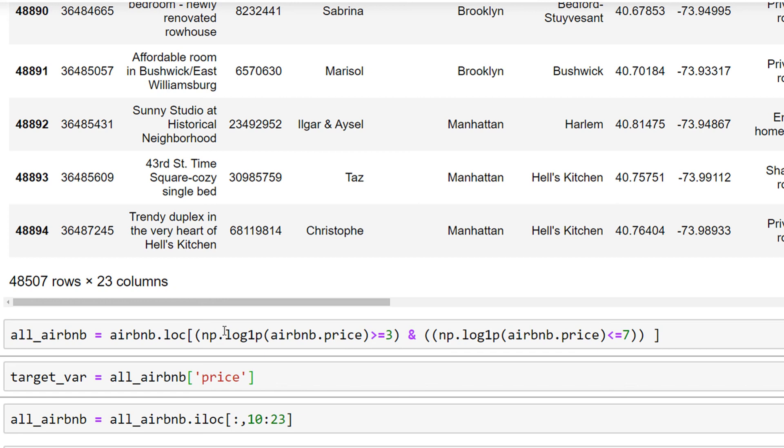next step is going to be the same as before, which is that we're going to use our filtered data to create the predictive model.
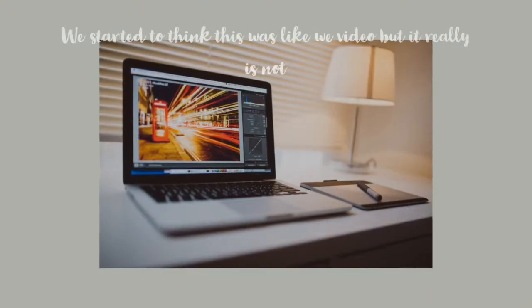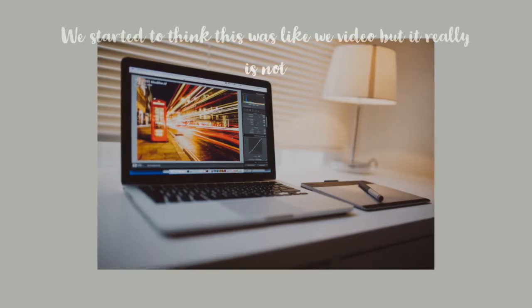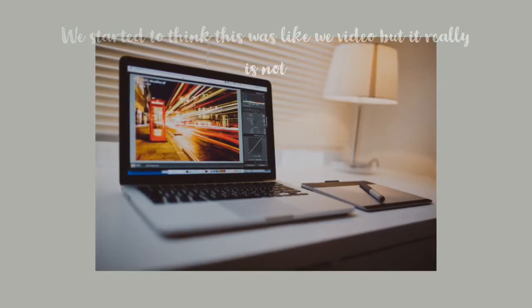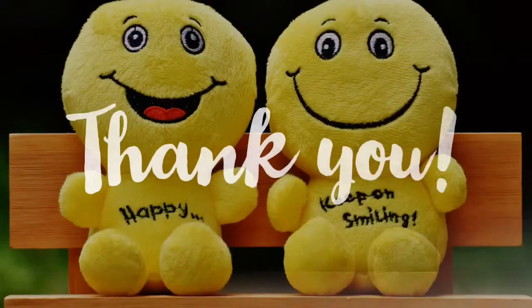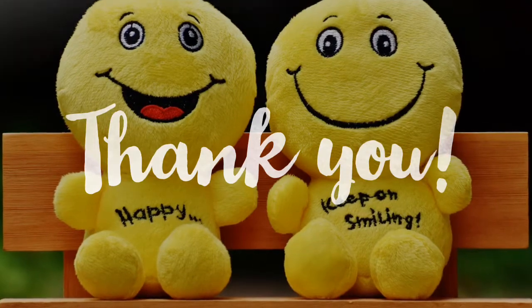I started to realize that this is like an app that we have used before. Guys, look at mine — mine is so good. Thank you!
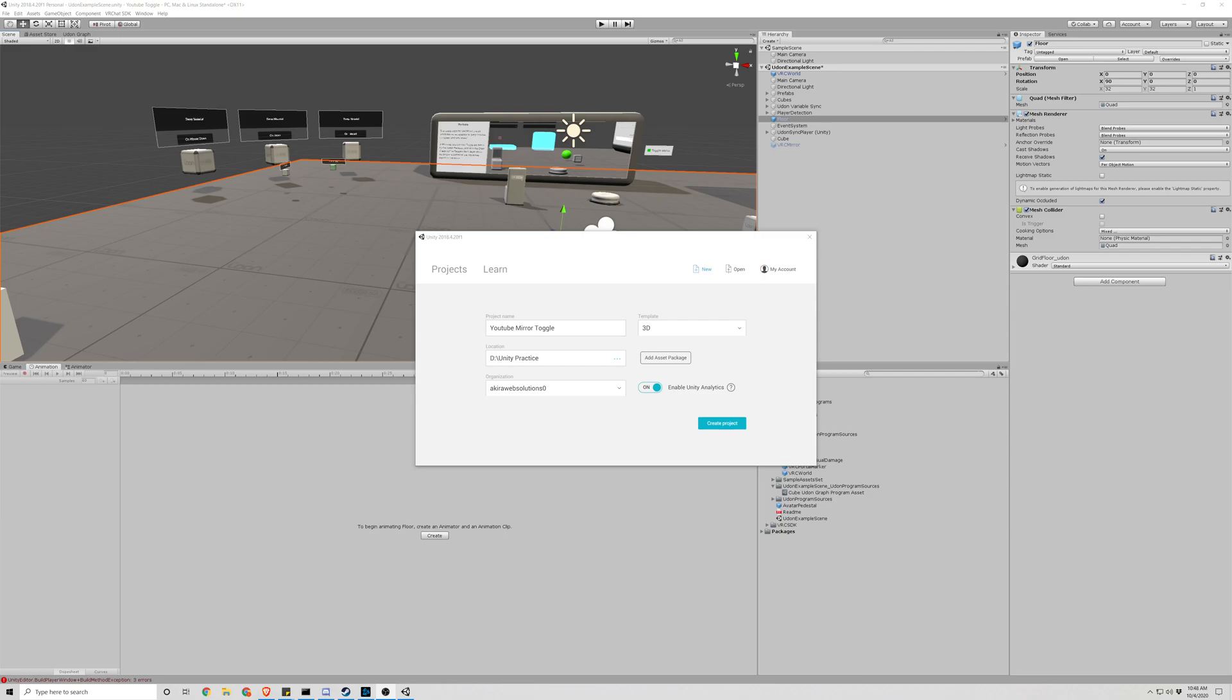What's up guys, hope you're all doing great and having a good day. Today we'll be covering mirror toggles in VRChat and you can apply this toggle function to anything you want in the game.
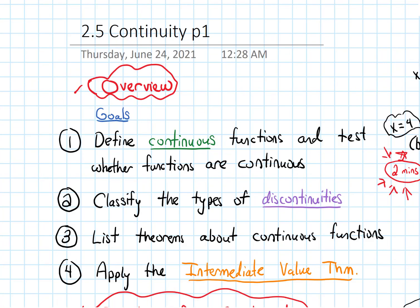In terms of our goals for this section, we finished our first goal: to define what it means for a function to be continuous at a point and test whether functions are continuous at indicated points.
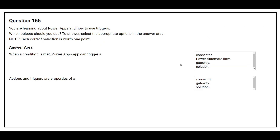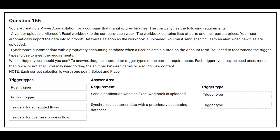Question 165: You are learning about Power Apps and how to use triggers. Which objects should you use? When a condition is met, Power Apps can trigger a connector. The correct answer is connector.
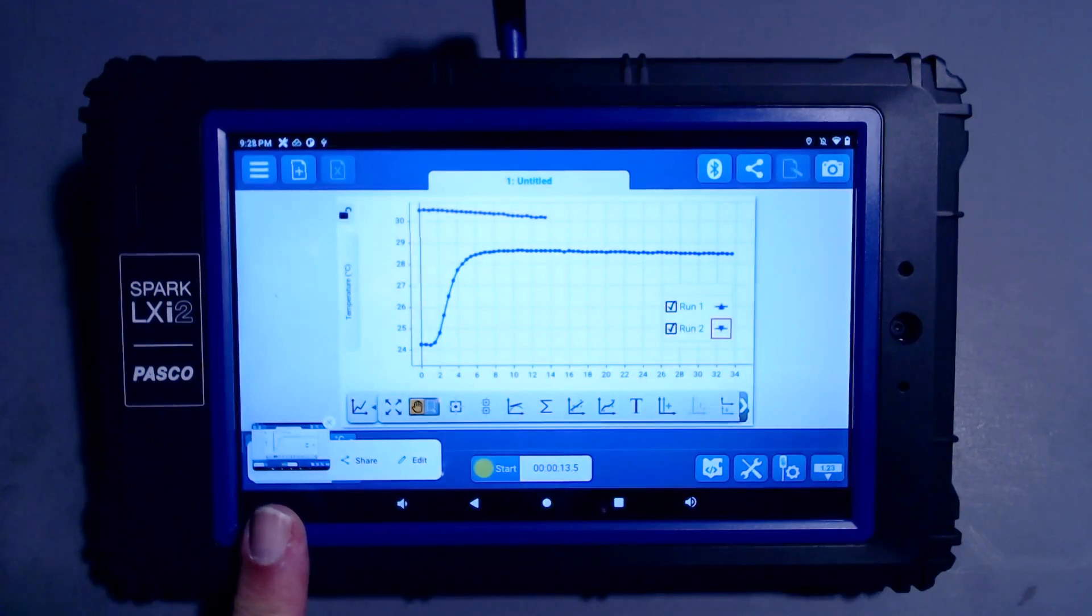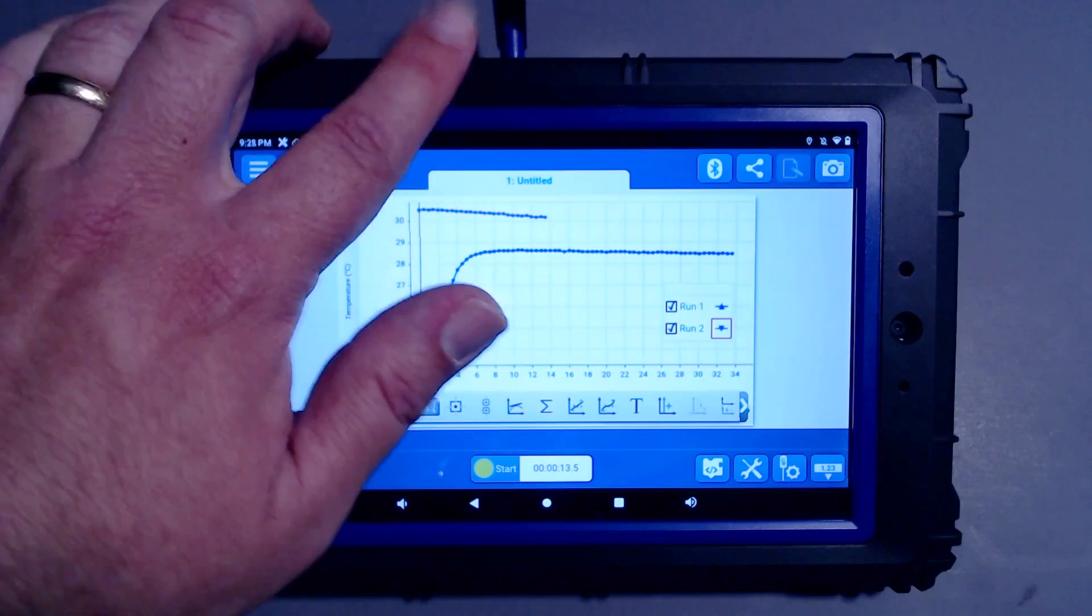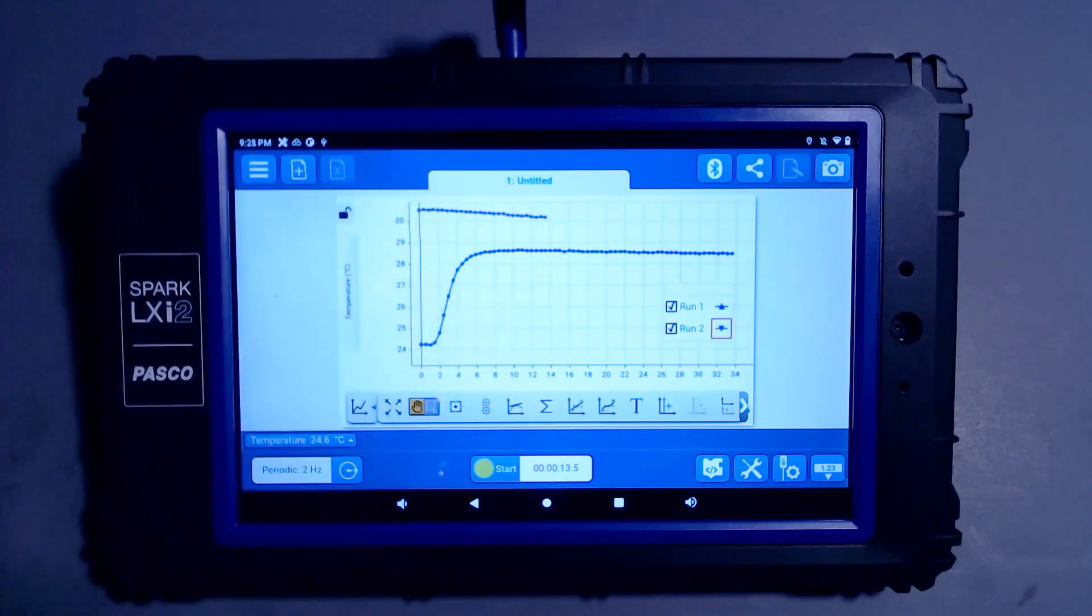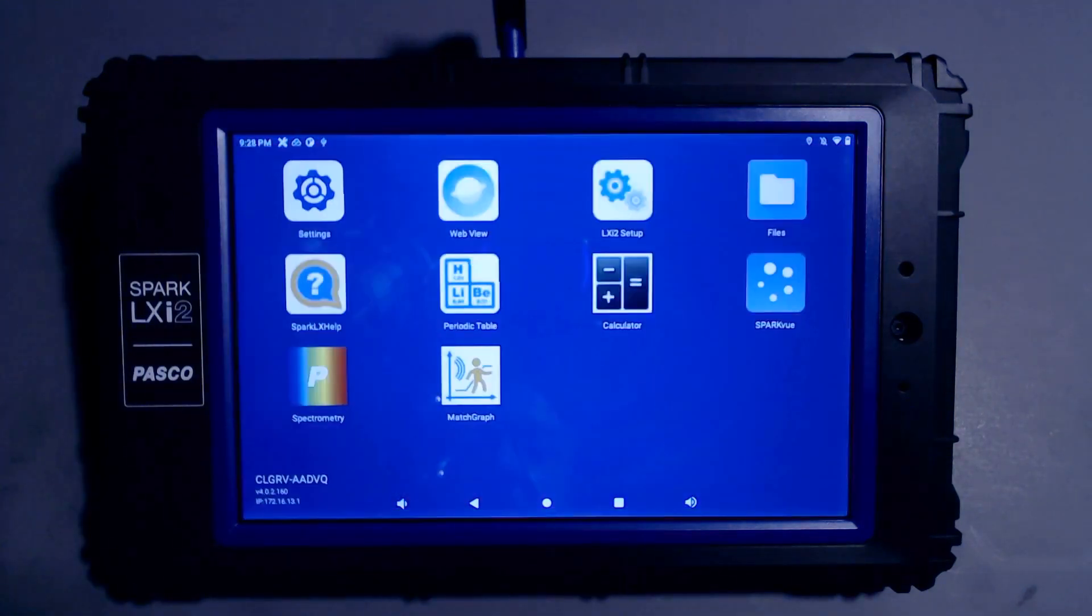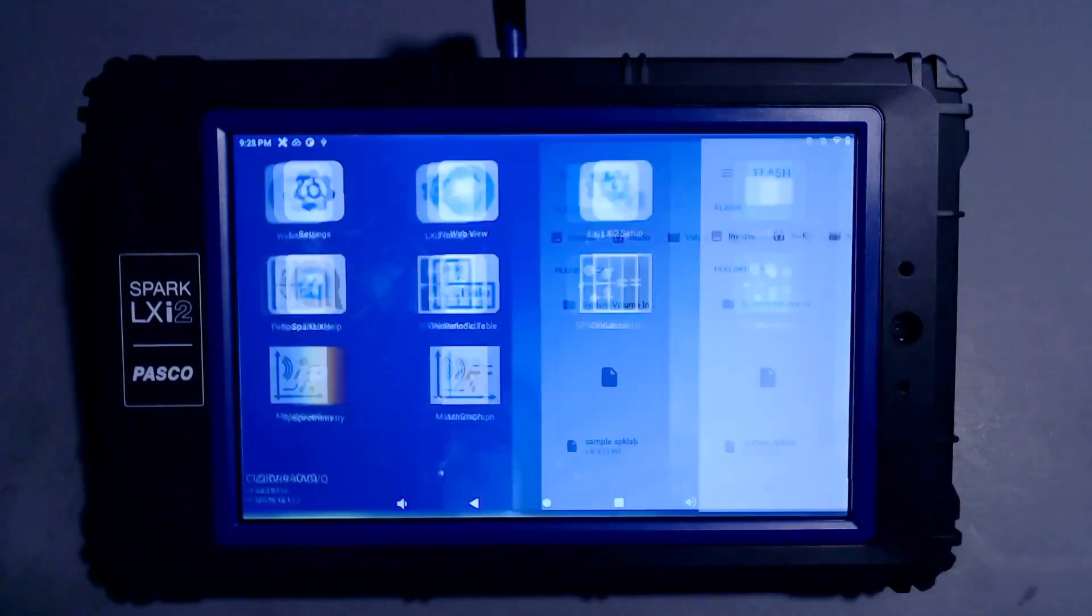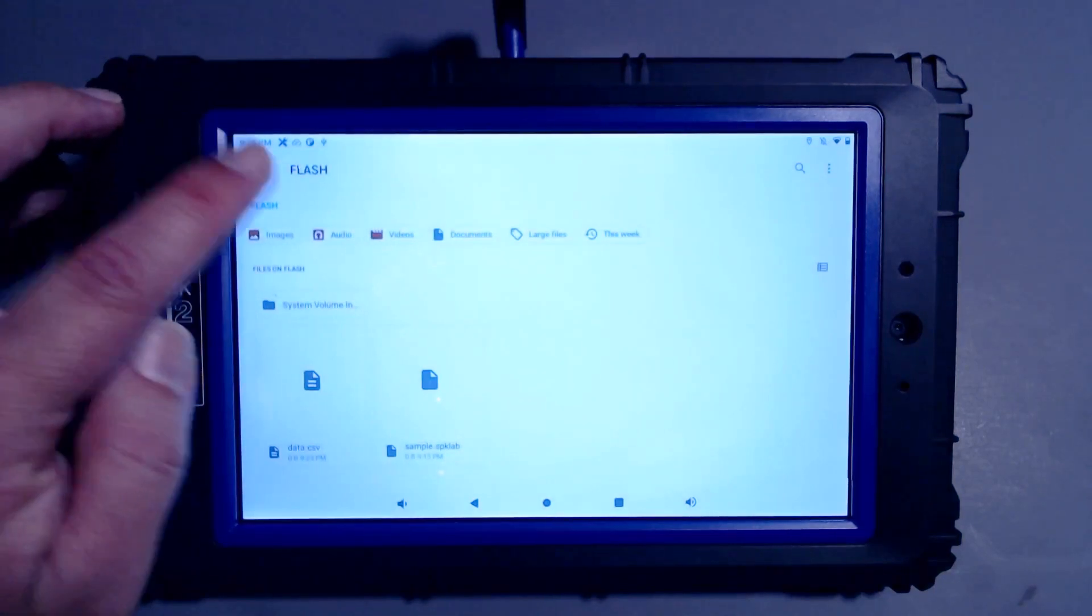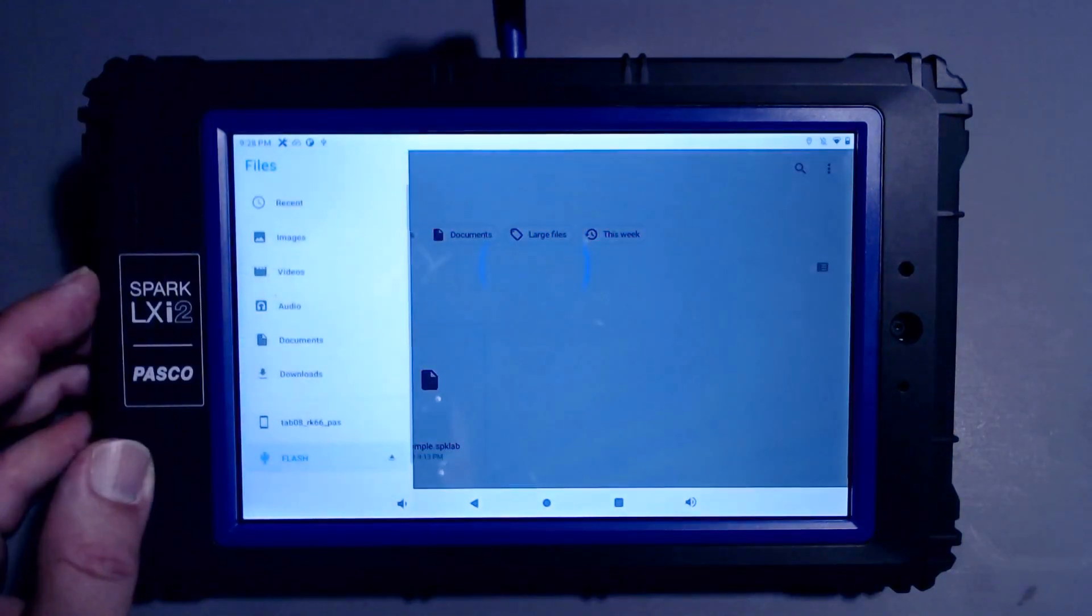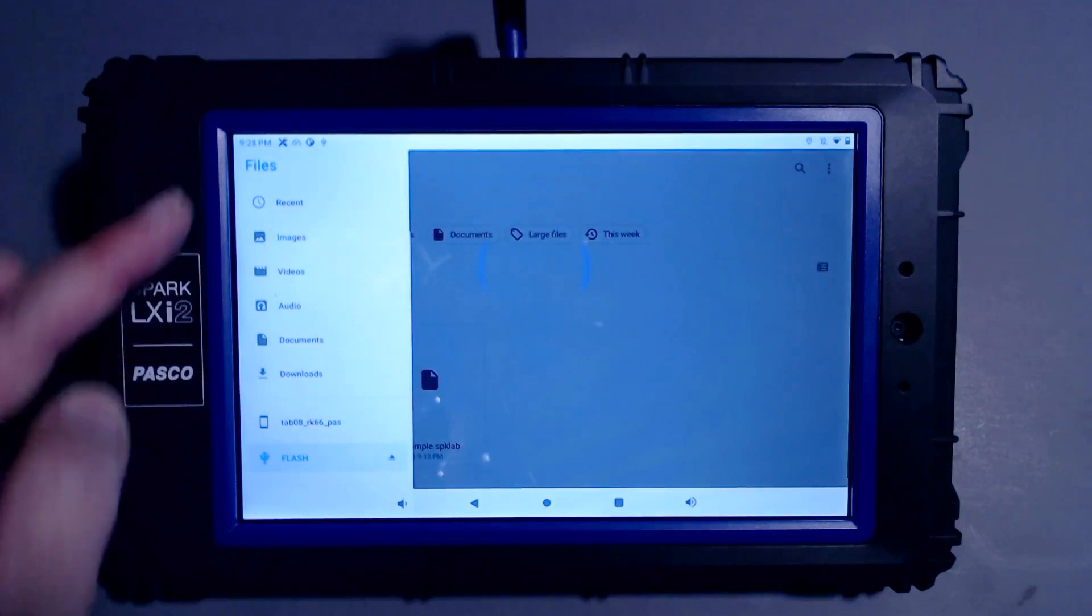Now I need to figure out where this screenshot is on the operating system so that I can transfer it to my USB flash drive. For that, I'll go to the home screen and choose the Files app, and I'll navigate to look at the files on my device.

■ What is being asked: Leave out the pictures, and retype exactly the lines from the one containing "Question 165: You" through the final line of the data.

■ Output for this task:
Question 165: You are learning about Power Apps and how to use triggers. Which objects should you use? When a condition is met, Power Apps can trigger a connector. The correct answer is connector.
Now I need to figure out where this screenshot is on the operating system so that I can transfer it to my USB flash drive. For that, I'll go to the home screen and choose the Files app, and I'll navigate to look at the files on my device.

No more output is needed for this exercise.